I haven't seen versions that old in production since 2009.
Groff 1.19 came out in 2004, so what you are running is more than
a decade out of date.
> $ locale
> LANG=en_US.UTF-8
> LC_ALL=C
> LC_CTYPE="C"
Hmm, i missed that GNU nroff(1) doesn't call setlocale(3), but
calls locale(1) in a different way, and, failing that, inspects
the environment directly.
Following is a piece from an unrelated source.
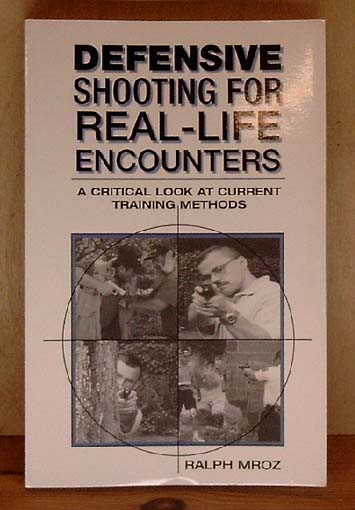 Defensive Shooting for Real-life Encounters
Can you send the output of the following,
too, to figure out which output device is actually running?
$ locale charmap
$ env | grep -e LC_ALL -e LC_CTYPE
I suspect that you are running in -Tascii mode, but i'm not 100%
sure yet, it could still be -Tutf8.
> $ echo '\(bu' | nroff | hexdump -C
> 00000000 3f 0a 0a 0a 0a 0a 0a 0a 0a 0a 0a 0a 0a 0a 0a 0a |?...............|
So, your problem is probably not related to man(1) or to the terminal,
but groff is actually producing wrong output.
For -Tascii output, in modern groff, the \(bu character
is defined by this statement in tmac/tty.tmac:
.fchar \[bu] \z+o
In the source code repository, that line is present since 2002-03-24.
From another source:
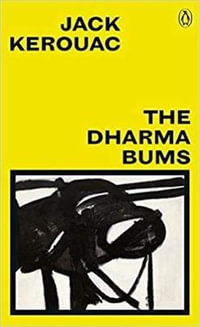 The Dharma Bums : Great Kerouac - Jack Kerouac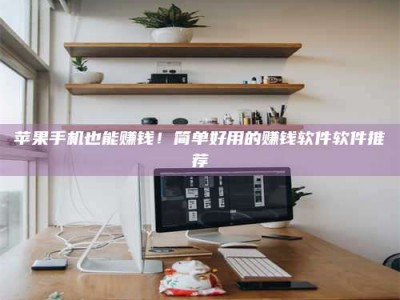 桂林苹果手机也能赚钱！简单好用的赚钱软件软件推荐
The file is usually loaded by these lines in troffrc:
.do ds troffrc!ascii tty.tmac
.do if d troffrc!\*[.T] \
. do mso \*[troffrc!\*[.T]]
So, can you please look at your file tmac/troffrc (usually located
in /usr/local/share/groff/<version>/ or a similar place) whether
it indeed includes tty.tmac, and can you look into your tty.tmac
(in the same directory) whether and how it defines \[bu]?
You can also try specifying the device explicitly:
$ echo '\(bu' | groff -Tascii | hexdump -C
$ echo '\(bu' | groff -mtty -Tascii | hexdump -C
$ echo '\(bu' | groff -Tutf8 | hexdump -C
$ echo '\(bu' | groff -mtty -Tutf8 | hexdump -C
Which output do those commands produce?
For UTF-8 tty output, in modern groff, \(bu is defined by the
following line in src/libs/libgroff/glyphuni.cpp:
{ "bu", "2022" },
That line is unchanged in the source code repo since 2002-11-03.
So the UTF-8 modes should work in any case, even without -mtty,
even with your ancient version of groff.
> on RHEL 6.7:
>
> $ grep ^NROFF /etc/man.config
> NROFF /usr/bin/nroff -c -mandoc 2>/dev/null
That looks reasonable.
> on RHEL 5.11:
>
> $ grep ^NROFF /etc/man.config
> NROFF /usr/bin/nroff -c --legacy NROFF_OLD_CHARSET -mandoc 2>/dev/null
I don't know what "--legacy NROFF_OLD_CHARSET" is supposed to mean,
but since you see the problem on RHEL 6.7 as well, it's doesn't seem
likely to be the cause of the problem.